Bug 2221648

Summary: nmpolicy capture leaves dhcp values which blocks further policies
Product: Red Hat Enterprise Linux 9 Reporter: Yossi Segev <ysegev>
Component: nmstateAssignee: Gris Ge <fge>
Status: CLOSED MIGRATED QA Contact: Mingyu Shi <mshi>
Severity: unspecified Docs Contact:
Priority: unspecified    
Version: 9.2CC: ferferna, jiji, jishi, network-qe, sfaye, till
Target Milestone: rcKeywords: MigratedToJIRA, Triaged
Target Release: ---   
Hardware: Unspecified   
OS: Unspecified   
Whiteboard:
Fixed In Version: Doc Type: If docs needed, set a value
Doc Text:
Story Points: ---
Clone Of: Environment:
Last Closed: 2023-08-17 09:57:44 UTC Type: Bug
Regression: --- Mount Type: ---
Documentation: --- CRM:
Verified Versions: Category: ---
oVirt Team: --- RHEL 7.3 requirements from Atomic Host:
Cloudforms Team: --- Target Upstream Version:
Embargoed:
Attachments:
Description Flags
1-static-ip-primary-net.yaml none

Description Yossi Segev 2023-07-10 13:46:44 UTC
Created attachment 1974978 [details]
1-static-ip-primary-net.yaml

Description of problem:
Applying a dynamic IP (DHCP) configuration on a cluster node's primary interface leaves DHCP configuration values, which then block other policies from being applied.
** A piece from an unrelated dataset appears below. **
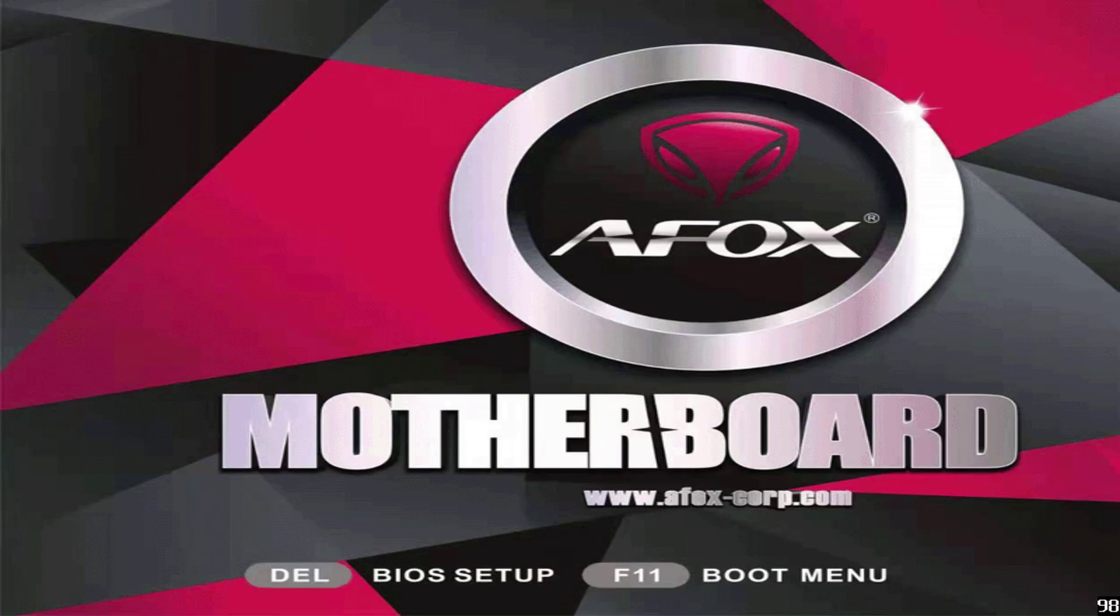For many Foxconn motherboards, this key is usually Delete. You might see a prompt on the screen indicating which key to press.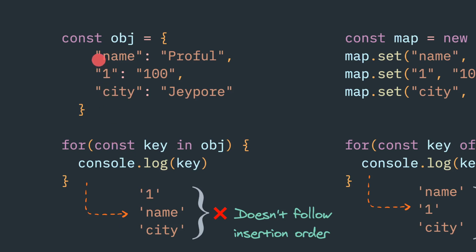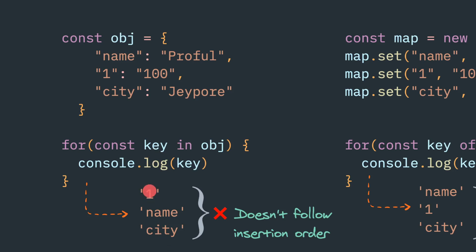And also the order is not guaranteed. After ECMAScript 2020, it is a bit more standardized. However, the insertion order still doesn't maintain. For example, if you store name one city, whenever you're trying to iterate over it, you will get one name city. So it doesn't follow the insertion order.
Version-Release number of selected component (if applicable):
OCP cluster version 4.13.4
kubernetes-nmstate-operator.4.13.0-202306070816
nmstate-2.2.9-6.rhaos4.13.el8.x86_64


How reproducible:
Always


Steps to Reproduce:
1.
Label a cluster node with {"capture": "allow"}:
$ oc label node cnv-qe-18.cnvqe.lab.eng.rdu2.redhat.com "capture"="allow"
* Change the node name to the name of a node in your cluster.

2.
Apply the attached setup policies 1-static-ip-primary-net.yaml and 2-capture-br1-deployment.yaml
* Wait for the first policy to finish successfully before applying the second policy.
* Set the nodeSelector in 1-static-ip-primary-net.yaml to point to the name of same node you labeled.

3.
Apply the attached teardown policies 3-capture-br1-teardown.yaml and 4-dynamic-ip-primary-net.yaml
* Once again - change the nodeSelector in 4-dynamic-ip-primary-net.yaml

4.
Check the NNS of the node, specifically the primary interface:
$ oc get nns net-ys-4132s-2-k8htj-worker-0-2mn4r -o yaml | less
      ipv4:
        address:
        - ip: 192.168.0.176
          prefix-length: 18
        dhcp: false
        dhcp-client-id: ll
        enabled: true
      ipv6:
        addr-gen-mode: eui64
        address:
        - ip: fe80::3998:9201:288e:90c5
          prefix-length: 64
        - ip: fe80::f816:3eff:fefc:319b
          prefix-length: 64
        autoconf: false
        dhcp: false
        dhcp-duid: ll
        enabled: true
      lldp:
        enabled: false
      mac-address: FA:16:3E:FC:31:9B
      max-mtu: 7950
      min-mtu: 68
      mptcp:
        address-flags: []
      mtu: 7950
      name: ens3
      state: up
      type: ethernet
      wait-ip: any

"dhcp-client-id: ll" was added to ipv4, and "dhcp-duid: ll" was added to ipv6.

5.
Try applying the 2 setup policies again (1-static-ip-primary-net.yaml and 2-capture-br1-deployment.yaml).


Actual results:
Applying the second policy fails.


Expected results:
Configuration applied successfully.


Additional info:
1. According to the NNCE, the new added parameter is to blame:
    325 [2023-07-10T13:17:10Z INFO  nmstate::query_apply::net_state] Retrying on: VerificationError: Verification failure: capture-br1.interface.ipv4.dhcp-client-id desire '    325 "ll"', current 'null'
2. The attached journalctl and nmstate-handler pod logs start just before applying the first policy, and stop after applying the last teardown policy (in order to avoid unnecessary noise).